→ **DATA TO USE**:
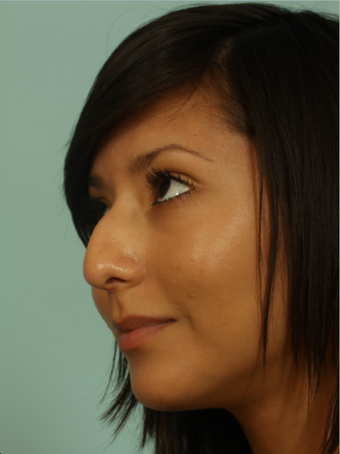Female rhinoplasty before 963026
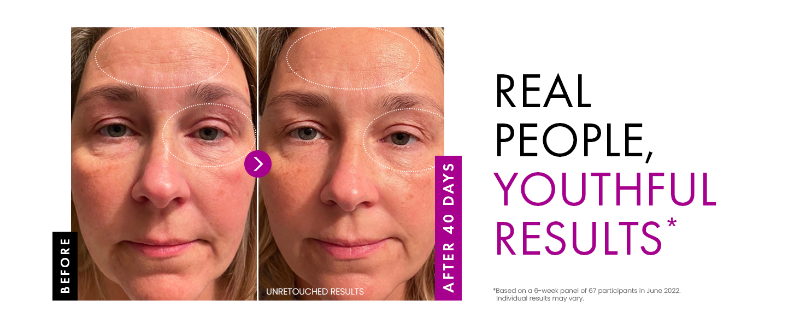 Eclat Anti-Wrinkle Cream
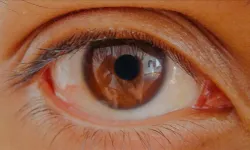 Göz tansiyonunda erken teşhis kalıcı körlüğü önlüyor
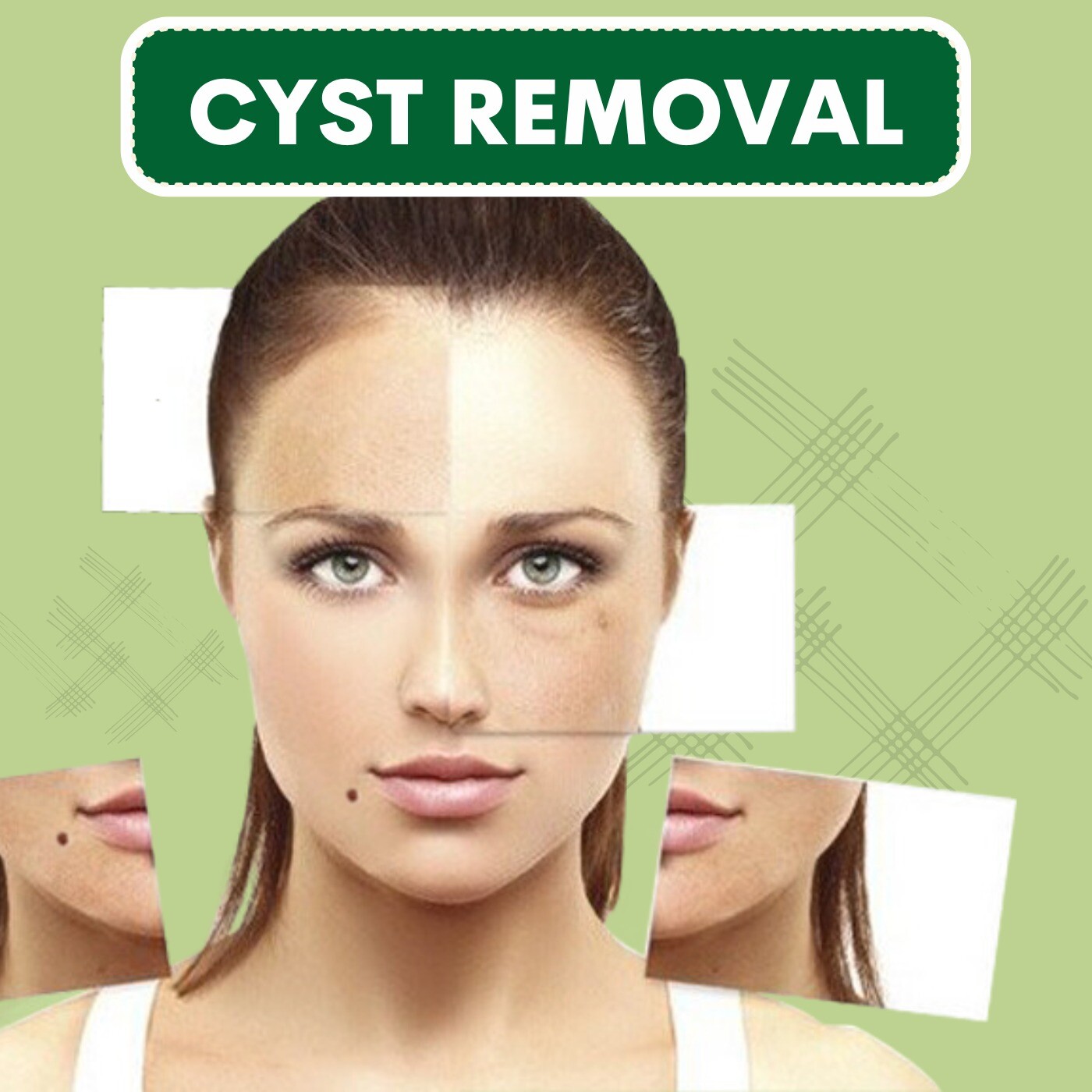 Cyst Removal, Cyst Under Ear, Near Eyelid Cyst, Daycare Surgery, Narmada, Navsari, Olpad, Surat, Gujarat. episode artwork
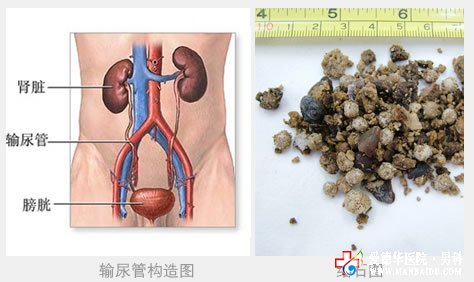 輸尿管結(jié)石的危害不可忽視
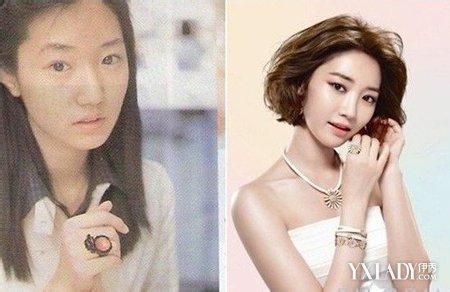 高俊熙整容前后 高俊熙整容前后 高俊熙整容前后曝光 冷艳美女全是浮云路人还不如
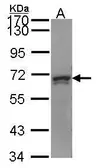 Anti-PRPF31 antibody [C3], C-term used in Western Blot (WB). GTX107696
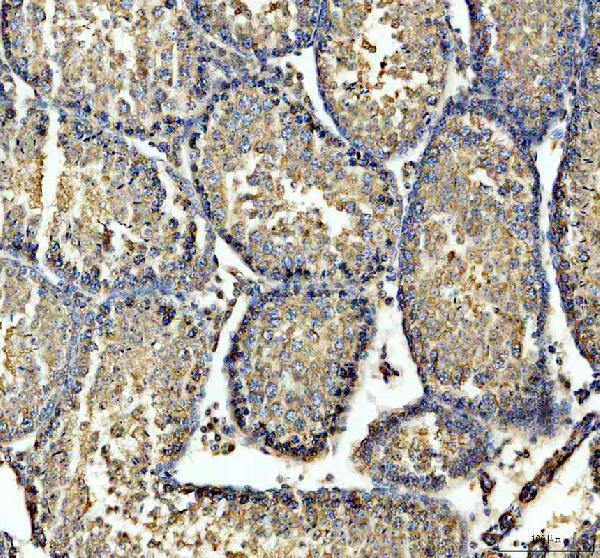 a13119 1 gsg1 primary antibodies ihc testing 2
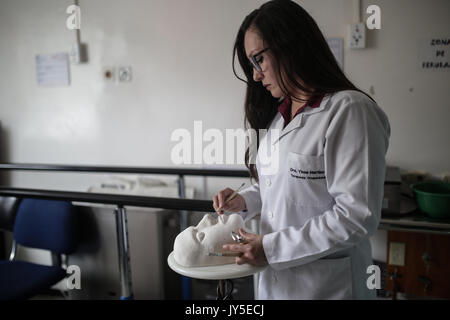 Bogota, Kolumbien. 17 Aug, 2017. Arzt Yinna Martinez arbeitet auf der Gipsabdruck von einem Gesicht am Brennen Einheit des Simon Bolivar Krankenhaus in Bogotá, der Hauptstadt Kolumbiens, am 12.08.17., 2017. Nach Angaben der lokalen Presse, Martinez führt ein Projekt der spezielle transparente Masken für Menschen, die tiefe Verbrennungen zweiten Grades im Gesicht erlitten haben, sowie andere Kunststoff Elemente für verschiedene Körperteile. Credit: Jhon Paz/Xinhua/Alamy leben Nachrichten Stockfoto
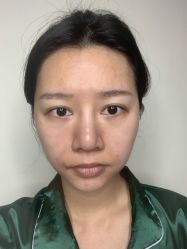 -成都西区医院整形美容
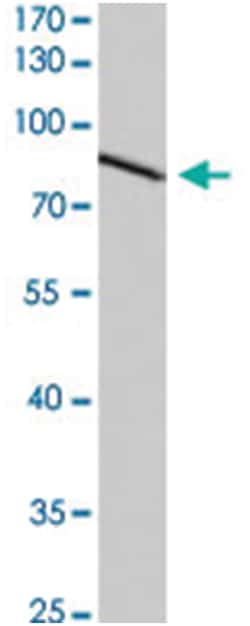 CDH17, Rabbit, Polyclonal Antibody, Abnova 100 &mu;L | Buy Online | Abnova Corporation | Fisher Scientific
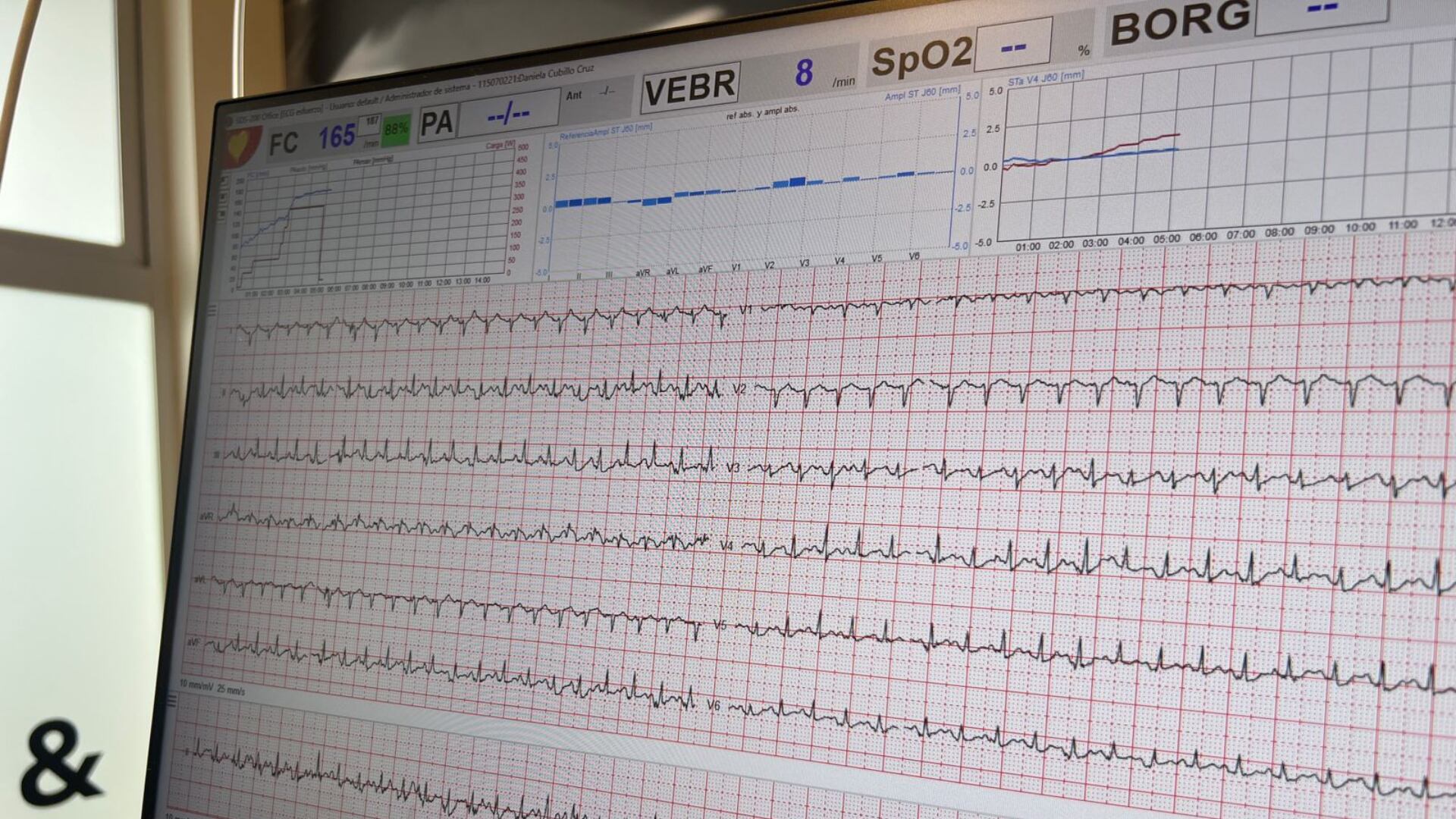 La prueba de esfuerzo detecta problemas cardiovasculares “silenciosos” que no aparecen en reposo, pero sí bajo esfuerzo.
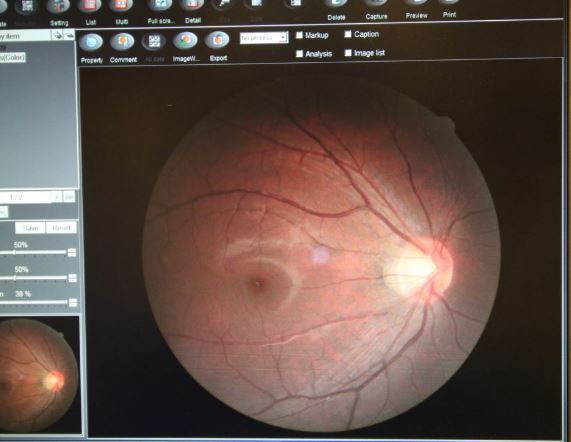 Retina and optic nerves inside an eye test result for lasik eye surgery in Korea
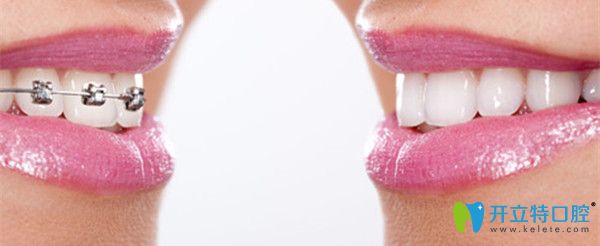 避免矯正中常見的誤區(qū)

→ **EXERCISE DETAILS**: From the data above, return exactly the lines from the one with "Eclat Anti-Wrinkle Cream" up to and including the one with "Anti-PRPF31 antibody [C3], C-term". Pictures do not go in the copy.

→ **EXERCISE OUTPUT**:
 Eclat Anti-Wrinkle Cream
 Göz tansiyonunda erken teşhis kalıcı körlüğü önlüyor
 Cyst Removal, Cyst Under Ear, Near Eyelid Cyst, Daycare Surgery, Narmada, Navsari, Olpad, Surat, Gujarat. episode artwork
 輸尿管結(jié)石的危害不可忽視
 高俊熙整容前后 高俊熙整容前后 高俊熙整容前后曝光 冷艳美女全是浮云路人还不如
 Anti-PRPF31 antibody [C3], C-term used in Western Blot (WB). GTX107696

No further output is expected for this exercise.